### Exercise:
In your copy, leave out the pictures and output only the lines from the one holding "Foxfoxfox4 online show" through the end of the data below, exactly.

BEGIN

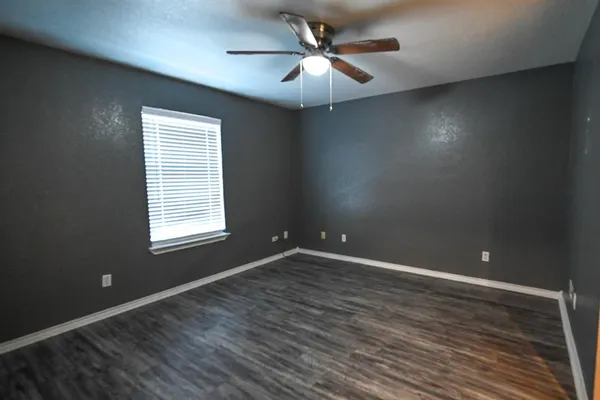 $1,395 | 604 North Sewell Drive, Unit B, Decatur, TX 76234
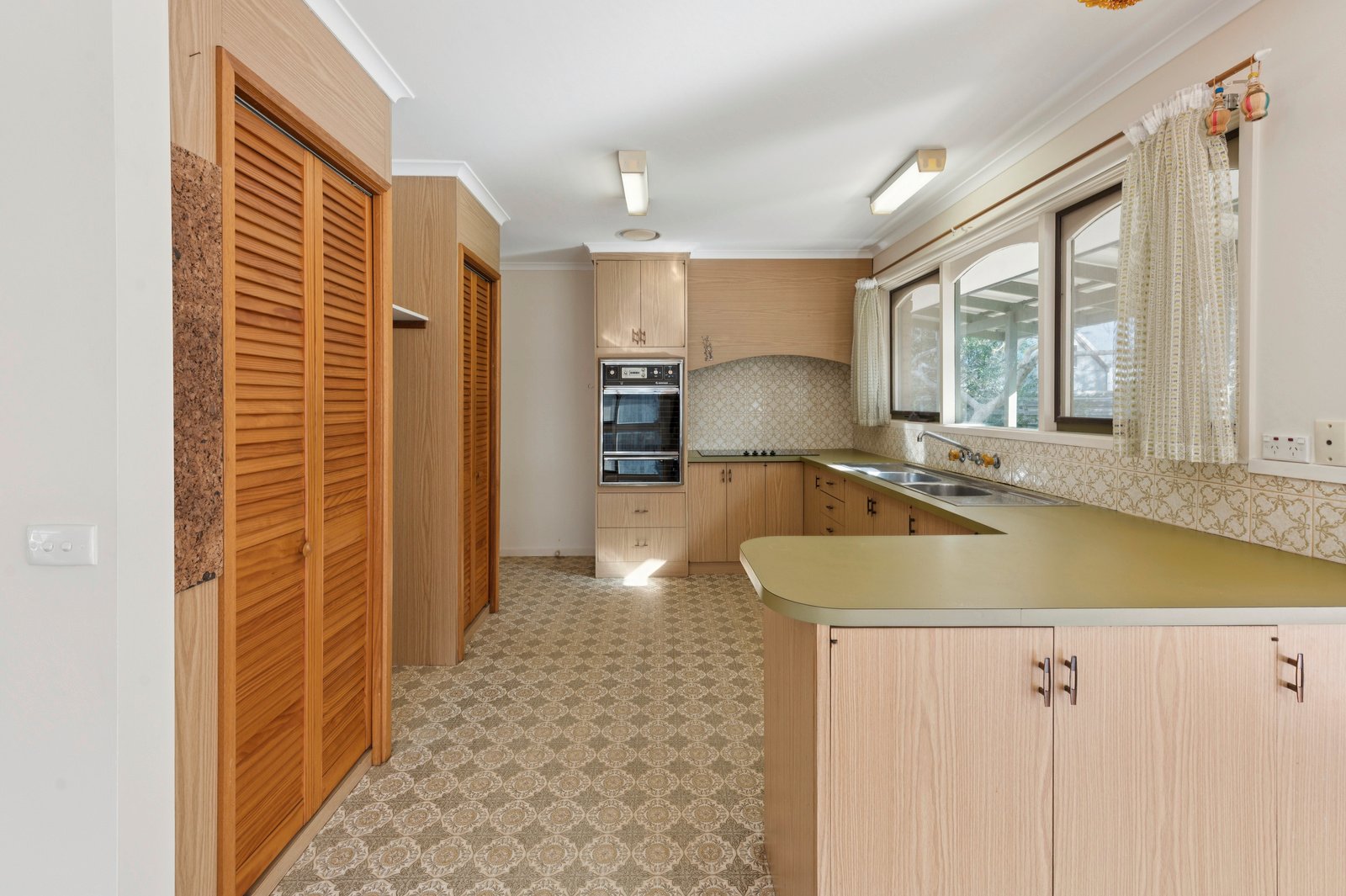 Gallery: 14 Salonika Street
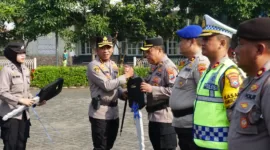 Kapolresta Sidoarjo Kombes. Pol. Christian Tobing secara simbolis serahkan kunci kepada personel Polresta Sidoarjo, Senin (27/5/2024).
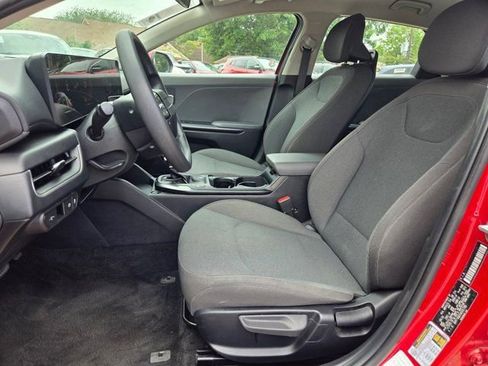 Used 2025 Kia K4 LXS image 14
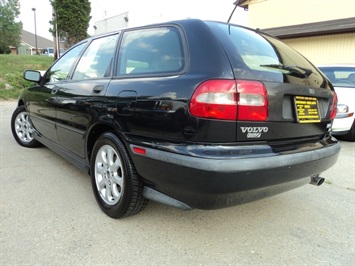 2000 Volvo V40   - Photo 12 - Cincinnati, OH 45255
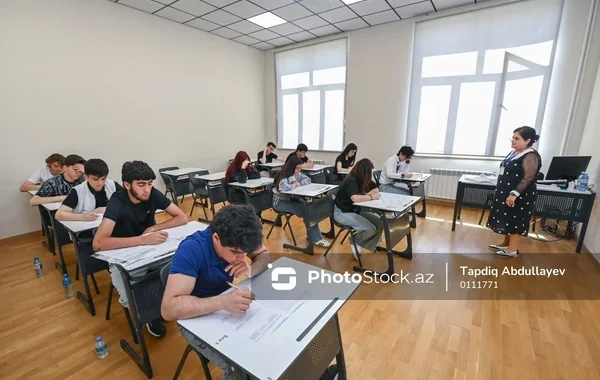 Neçə müəllim iş yerini dəyişdirib?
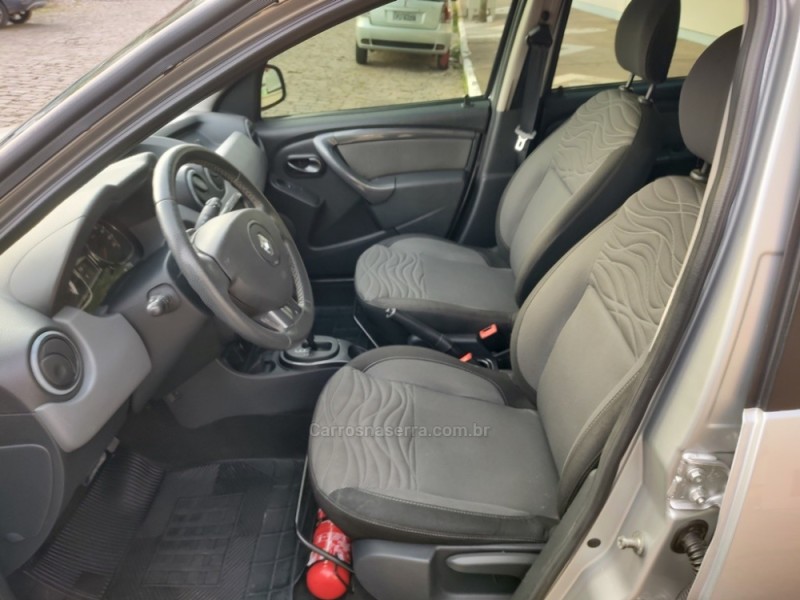 DUSTER 2.0 TECH ROAD 4X2 16V FLEX 4P AUTOMÁTICO - 2015 - GUAPORé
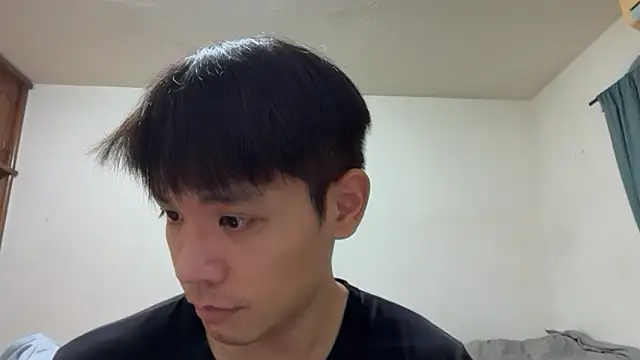 Foxfoxfox4 online show from March 24, 2:50 pm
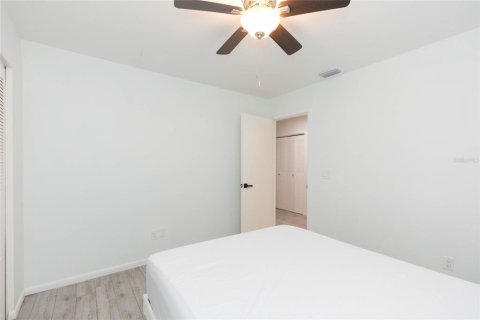 House in Tampa, Florida 3 bedrooms, 136.01 sq.m. № 2289511 - photo 24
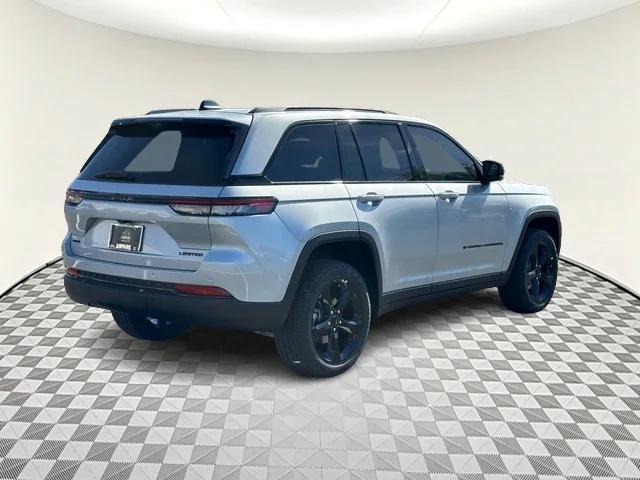 new 2025 Jeep Grand Cherokee car, priced at $56,655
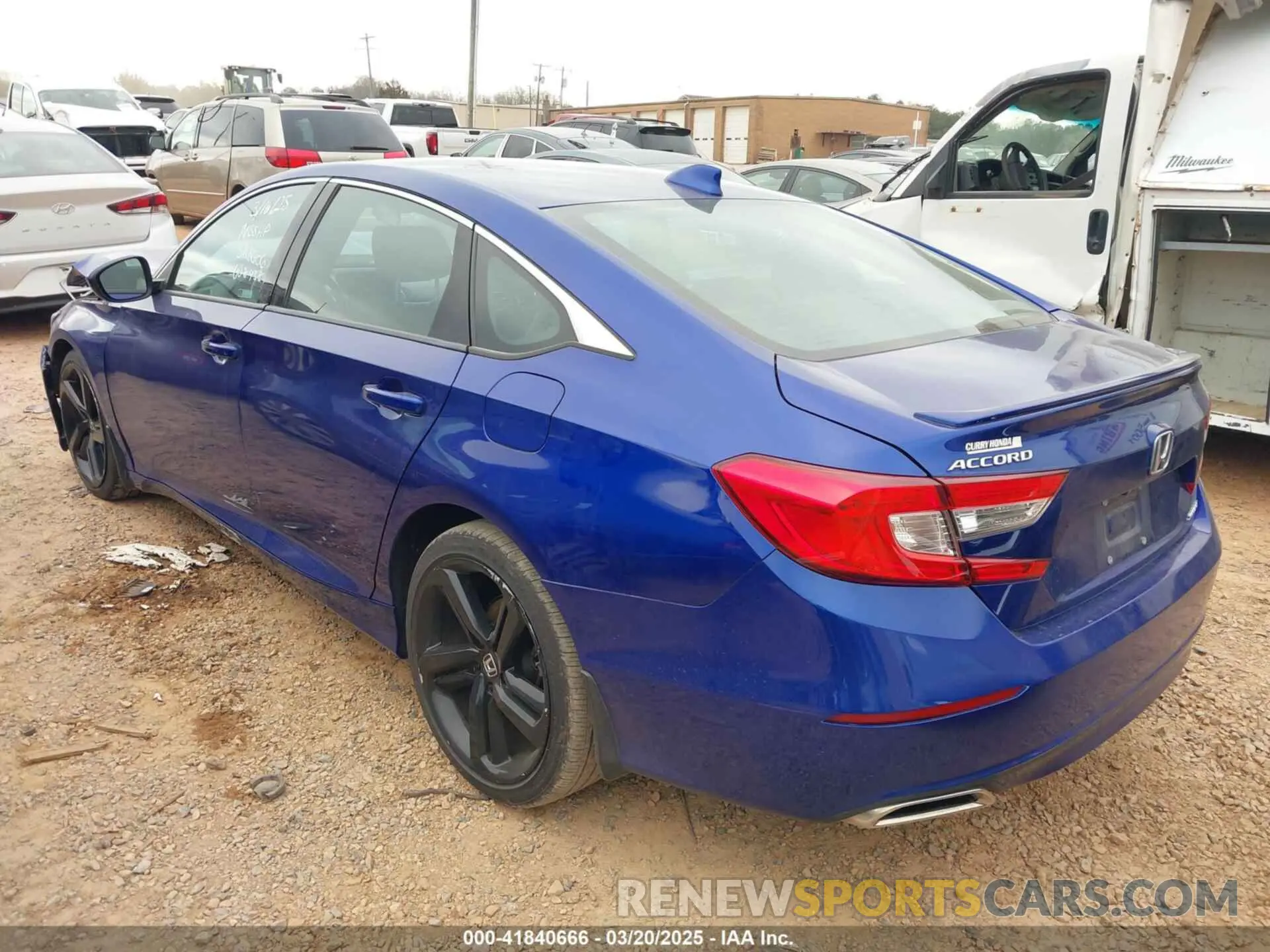 3 Фотография поврежденного автомобиля 1HGCV1F37KA008438 HONDA ACCORD 2019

END

### Task result:
 Foxfoxfox4 online show from March 24, 2:50 pm
 House in Tampa, Florida 3 bedrooms, 136.01 sq.m. № 2289511 - photo 24
 new 2025 Jeep Grand Cherokee car, priced at $56,655
 3 Фотография поврежденного автомобиля 1HGCV1F37KA008438 HONDA ACCORD 2019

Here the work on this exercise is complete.